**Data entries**
# # # # # # #
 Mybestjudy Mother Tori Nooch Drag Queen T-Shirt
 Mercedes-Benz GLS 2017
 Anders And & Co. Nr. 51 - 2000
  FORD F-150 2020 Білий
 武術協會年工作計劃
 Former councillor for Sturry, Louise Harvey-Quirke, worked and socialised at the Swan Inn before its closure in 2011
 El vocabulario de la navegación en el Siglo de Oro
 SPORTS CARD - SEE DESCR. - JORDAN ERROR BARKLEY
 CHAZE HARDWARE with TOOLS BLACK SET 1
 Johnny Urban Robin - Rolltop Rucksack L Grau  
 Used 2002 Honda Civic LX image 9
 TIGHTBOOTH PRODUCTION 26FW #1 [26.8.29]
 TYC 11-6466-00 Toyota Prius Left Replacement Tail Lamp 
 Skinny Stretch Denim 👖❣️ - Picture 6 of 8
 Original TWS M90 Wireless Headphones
# # # # # # #
**What you should do**
Write the "Johnny Urban Robin" line and all later lines exactly. Stop at the end of the data.

**Your solution**
 Johnny Urban Robin - Rolltop Rucksack L Grau  
 Used 2002 Honda Civic LX image 9
 TIGHTBOOTH PRODUCTION 26FW #1 [26.8.29]
 TYC 11-6466-00 Toyota Prius Left Replacement Tail Lamp 
 Skinny Stretch Denim 👖❣️ - Picture 6 of 8
 Original TWS M90 Wireless Headphones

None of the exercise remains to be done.